What’s the ultimate goal of bringing observability into an organization? Is it just to chase down things when they’re broken and not working? Or can it be used to truly enable developers to innovate faster?
That’s a topic I recently discussed with David Ostrovsky, a software engineer at Meta, the parent company of social media networks Facebook and Instagram among others. He was my guest on the most recent episode of the OpenObservability Talks podcast.
Before joining Meta, David worked as the chief architect for Proofpoint, a longtime provider of security, DLP and archiving for corporate email systems. During that time, the way Proofpoint conducted observability changed greatly, as they went from chasing the “survival level” of observability to being more mature. But, everything changed when he got to Meta.
“I thought I knew what observability was when I left Proofpoint,” David said. “I was very convinced that I had this thing completely solid. Then I joined Meta and discovered that there's a whole world of things you can do after you solve all the basic observability problems. Now I'm relearning what it actually means to have good observability when it's not just 100 million users, it's 2 billion users and you have essentially infinite resources to throw out the problem.”
How the Observability Conversation Starts at Meta
At Meta, David said the conversations about observability usually start with talking about SLAs. This has not always been his experience at other organizations, however.
“They start from a business discussion,” David said. “Then they break down into the normal chain of SLAs, then you find your service level objectives, then you go and find the right indicators, and you work from the business inwards. Whereas, in most other places I experienced observability, where you actually had to build the physical infrastructure. It always started from an engineering conversation of, ‘How do we monitor CPU usage? How do we make sure machines stay up? How do we detect the service crashing and starting?’ I’m not going to say always, but in most cases it wasn’t business-driven, it was just engineering-driven because you are first of all focused on the engineering cloud button.”
To put a fine point on it, David’s team at Meta actually doesn’t deal with the infrastructure. There’s a whole other group that sets up all the infrastructure, among which is the observability infrastructure. David’s team then becomes a consumer of a well-established infrastructure.
“My team deals with the decision-making layer in fraud detection, which is a lot of machine learning and heuristics,” he said. “We don’t deal with infrastructure, we use the infrastructure provided by Meta Infra Teams, and they use observability infrastructure provided by different observability teams. We can all access the shared UI tools together. If I want to create an alert, I can just go to the dashboarding tool and click a few buttons, and I have an alert.”
At Meta, other teams make sure the systems are working, and address the physical layer of observability, ensuring VMs are up and an application is actually working. This allows David’s team to focus on the business layer of observability, ensure the product is doing what it’s supposed to do, and that the different changes in input data or user behavior doesn’t change the logical behavior of the system in a way that negatively impacts their product.

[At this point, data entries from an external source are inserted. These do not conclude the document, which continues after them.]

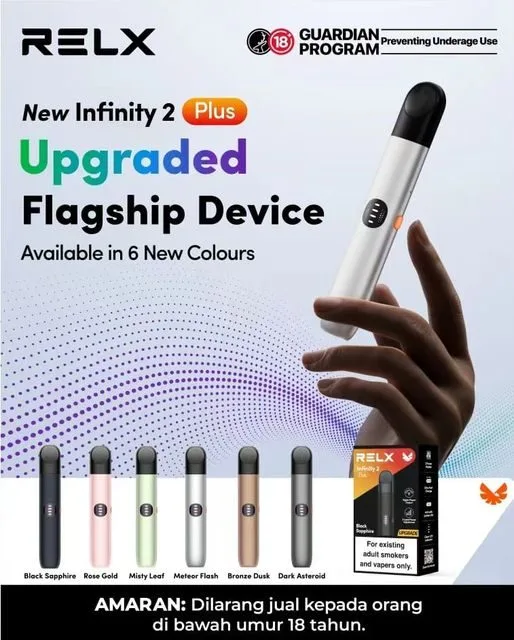 relx,relx電子煙,RELX煙彈,悅刻電子煙,relx主機,relx口味,relx推薦,relx煙彈,relx糖果,,relx電子菸,relx電子菸主機,relx口味推薦,relx購買,relx菸彈,relx拋棄式,relx電子菸購買,relx官網,relx菸彈推薦,電子煙,電子菸推薦,電子煙口味,電子煙推薦,relx糖果口味,悅刻電子煙,悅刻電子菸,悅刻電子煙評價,relx煙彈口味推薦,悅刻主機,relx主機說明書,relx拋棄式四代,悅刻拋棄式,relx新款電子煙,悅刻,悅刻口味,悅刻推薦,悅刻煙彈,悅刻糖果,悅刻電子菸主機,悅刻口味推薦,悅刻購買,悅刻菸彈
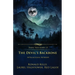 The Devil's Backbone: Appalachian Horror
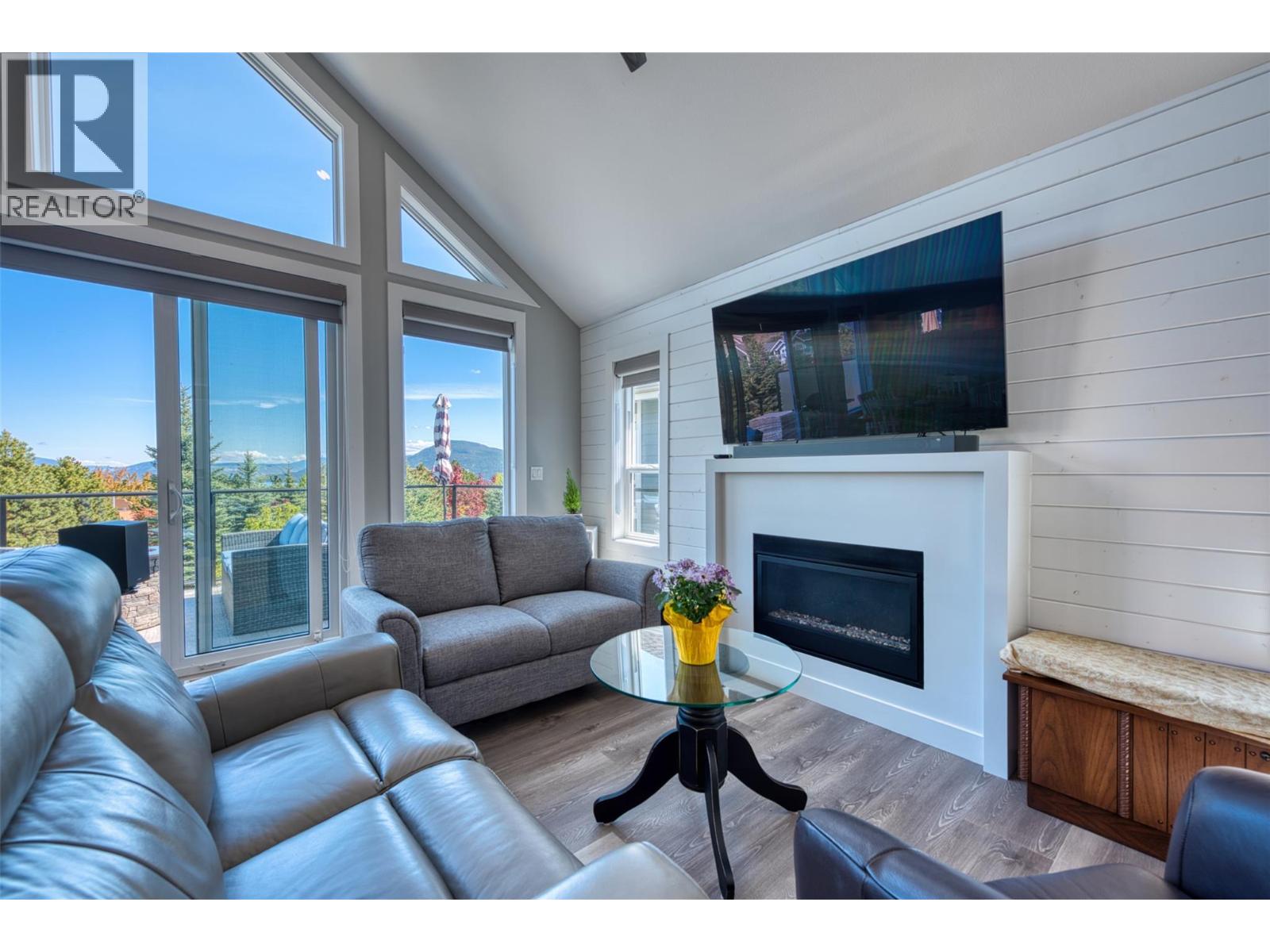 6833 Madrid Way Unit# 348 Lot# 348, Kelowna, British Columbia  V1Z 3R8 - Photo 8 - 10377625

“It’s a much harder problem because there’s really only so many ways physically that a software system can be broken,” he said. “You have your four golden signals and that covers 80% of all the different ways. But if you start thinking of how many different ways logically a system can misbehave, you can’t enumerate them. We keep coming up with new ways to break the logic of the system.”
This is something I often discuss with practitioners. Even if you are a small or medium sized organization, and cannot offload the “plumbing” and infrastructure aspects to someone else, you need to make sure you also address higher-level, higher-order observability needs of your product. Teams should want to ultimately move the needle for the business-facing decisions with their observability practice. This is achieved by intelligent data analytics over the telemetry data, which Meta seems to master.

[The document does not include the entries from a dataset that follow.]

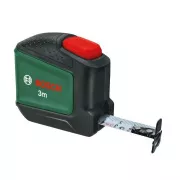 Bosch Bandmaß 3 m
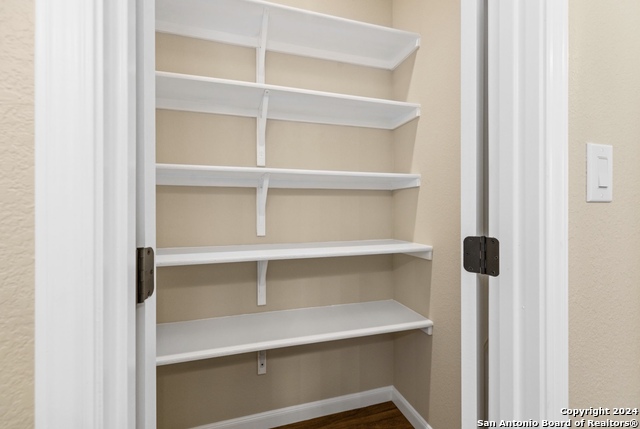 Image 11 of 25 For 110 Moses Hughes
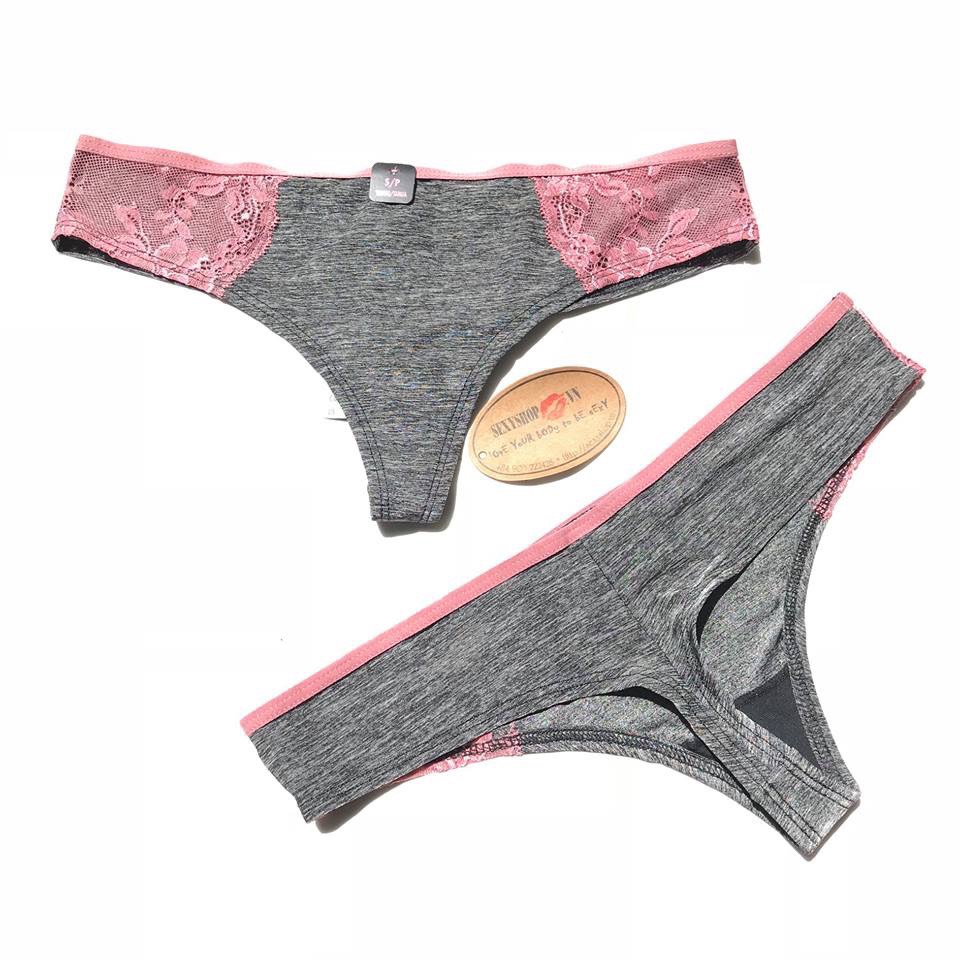 Quần Ultra Soft siêu mềm 25 - Hình ảnh 3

Another important group of customers is the internal customers, namely your product’s developers. If you have an internal platform engineering team, you want to enable your developers to improve their experience and accelerate the development cycles. From my experience, developer observability plays a key role in these teams, and David shared that’s the case also at Meta.
“We really do start out with, ‘What is the impact we’re trying to achieve?’” David said. “‘What’s the customer going to experience, whether it’s the external users or internal customers who rely on our service? What do they expect? What do we promise the customers?’ We work backwards from that to what we need to look at as indicators, how we’re going to combine them together and predict or alert on them, and what’s the expected behavior? We don’t actually worry about whether the system is up. Of course, it’s up, it’s been up for a decade and there’s a thousand engineers making sure it stays up, and it’s not us.”